ACTIVITY:
An exact reproduction of the listing, minus the pictures, is the required output.

SOURCE MATERIAL:
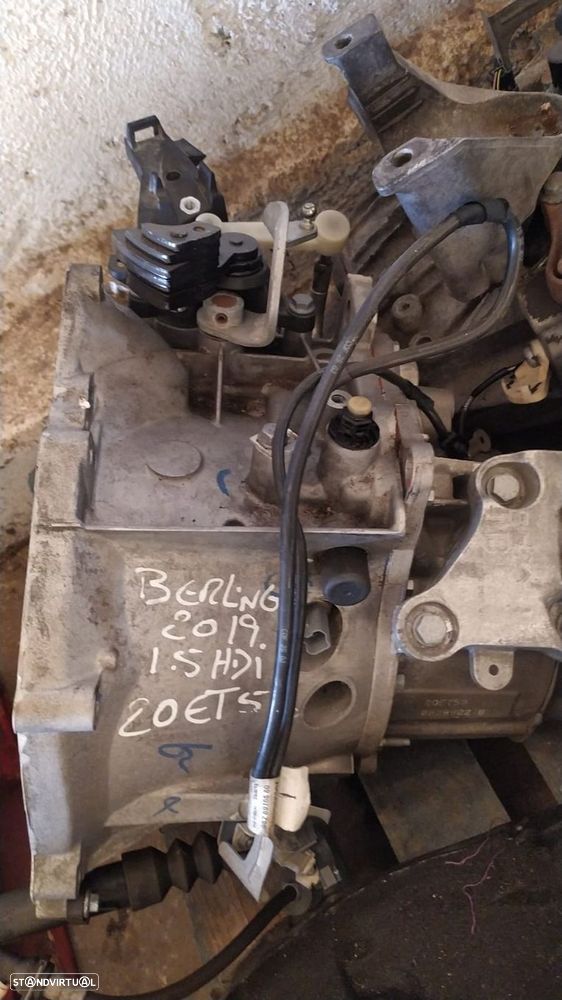 CAIXA DE VELOCIDADES CITROEN BERLINGO 1.5 HDI 2019 - 1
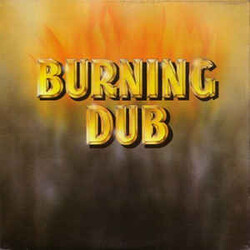 The Revolutionaries Burning Dub Vinyl LP USED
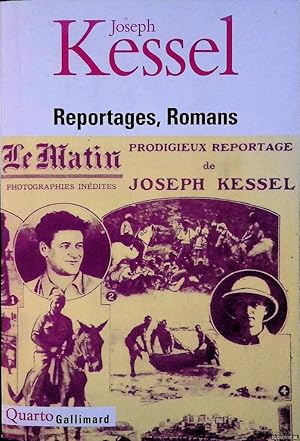 Seller image for Reportages, romans for sale by Klondyke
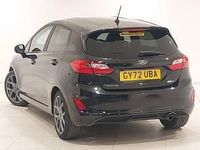 Used Ford Fiesta ST-Line 125 HP (91 kW) 2023 Black Hatchback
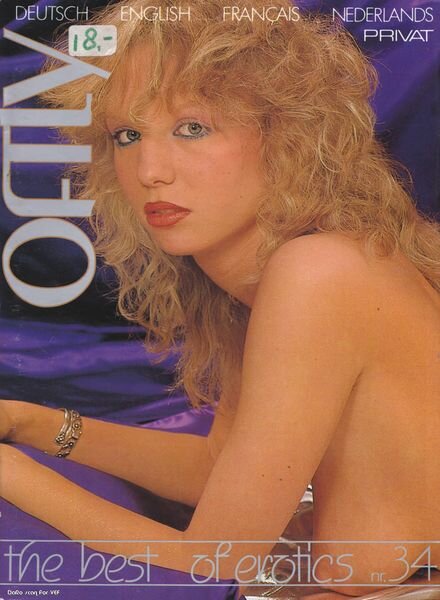 Oftly – Nr 34 1987 Cover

EXERCISE ANSWER:
 CAIXA DE VELOCIDADES CITROEN BERLINGO 1.5 HDI 2019 - 1
 The Revolutionaries Burning Dub Vinyl LP USED
 Seller image for Reportages, romans for sale by Klondyke
 Used Ford Fiesta ST-Line 125 HP (91 kW) 2023 Black Hatchback
 Oftly – Nr 34 1987 Cover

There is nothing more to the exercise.